Apriori Algorithm in pl/sql
********************************************************************************
APRIORI ALGORITHM
********************************************************************************
Modified March 08 2019
********************************************************************************
This script is for educational purpose only.
I created the table in Oracle 12C DB, used sql and pl/sql to find the frequent patterns.
This script works well with smaller datasets.
When dealing with large/voluminous datasets(GB of data), a different approach is to be implemented,
to handle voluminous data efficiently.
When handling data from different sources/formats, the script need to be
modified accordingly to handle data as may be necessary.
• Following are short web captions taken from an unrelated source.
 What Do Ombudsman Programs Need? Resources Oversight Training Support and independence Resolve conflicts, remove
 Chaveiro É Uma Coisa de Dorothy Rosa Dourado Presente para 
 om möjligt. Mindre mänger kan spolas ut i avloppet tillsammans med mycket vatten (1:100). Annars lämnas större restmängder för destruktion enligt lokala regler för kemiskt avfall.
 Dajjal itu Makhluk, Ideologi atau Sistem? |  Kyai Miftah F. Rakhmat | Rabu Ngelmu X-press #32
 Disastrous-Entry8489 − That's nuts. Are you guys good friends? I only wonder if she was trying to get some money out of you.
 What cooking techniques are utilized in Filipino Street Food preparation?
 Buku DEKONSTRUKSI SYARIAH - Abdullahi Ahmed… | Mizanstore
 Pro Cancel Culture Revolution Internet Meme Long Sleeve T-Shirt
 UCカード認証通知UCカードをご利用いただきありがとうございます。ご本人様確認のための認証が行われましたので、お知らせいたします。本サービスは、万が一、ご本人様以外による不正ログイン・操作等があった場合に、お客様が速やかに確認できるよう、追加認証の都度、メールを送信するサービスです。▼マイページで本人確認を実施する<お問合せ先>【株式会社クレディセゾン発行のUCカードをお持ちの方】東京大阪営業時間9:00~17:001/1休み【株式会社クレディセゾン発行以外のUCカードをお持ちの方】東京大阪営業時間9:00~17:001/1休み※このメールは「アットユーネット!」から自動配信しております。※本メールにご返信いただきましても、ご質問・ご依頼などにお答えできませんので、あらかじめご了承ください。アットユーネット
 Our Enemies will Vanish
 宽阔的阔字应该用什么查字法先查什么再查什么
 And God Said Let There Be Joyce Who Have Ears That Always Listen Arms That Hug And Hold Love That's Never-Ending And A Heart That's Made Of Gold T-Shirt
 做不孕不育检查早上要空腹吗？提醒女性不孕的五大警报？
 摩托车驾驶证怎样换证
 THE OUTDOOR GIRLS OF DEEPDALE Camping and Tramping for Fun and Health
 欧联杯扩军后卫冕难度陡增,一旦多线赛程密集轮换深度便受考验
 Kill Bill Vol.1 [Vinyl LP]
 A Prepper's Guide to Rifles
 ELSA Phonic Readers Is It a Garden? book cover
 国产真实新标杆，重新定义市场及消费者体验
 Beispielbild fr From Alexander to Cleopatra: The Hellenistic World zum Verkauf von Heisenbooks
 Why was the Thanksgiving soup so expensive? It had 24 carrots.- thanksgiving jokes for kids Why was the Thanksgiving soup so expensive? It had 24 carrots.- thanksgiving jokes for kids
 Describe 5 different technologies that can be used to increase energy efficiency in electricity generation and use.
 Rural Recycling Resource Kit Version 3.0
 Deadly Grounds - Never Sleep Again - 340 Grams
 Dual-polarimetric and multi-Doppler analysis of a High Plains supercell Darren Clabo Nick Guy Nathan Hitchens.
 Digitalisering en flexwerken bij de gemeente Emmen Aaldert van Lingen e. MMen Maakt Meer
Readers discretion/ingenuity is advised, in making necessary changes/modifications as may be required for thier specific use.
********************************************************************************
"An idle man's brain is a devil's workshop".
Why can't I convert my idle brain into a data mining workshop.
My endeavour is to explore data mining algorithms in sql & pl/sql.
I am not running Oracle's datamining tool.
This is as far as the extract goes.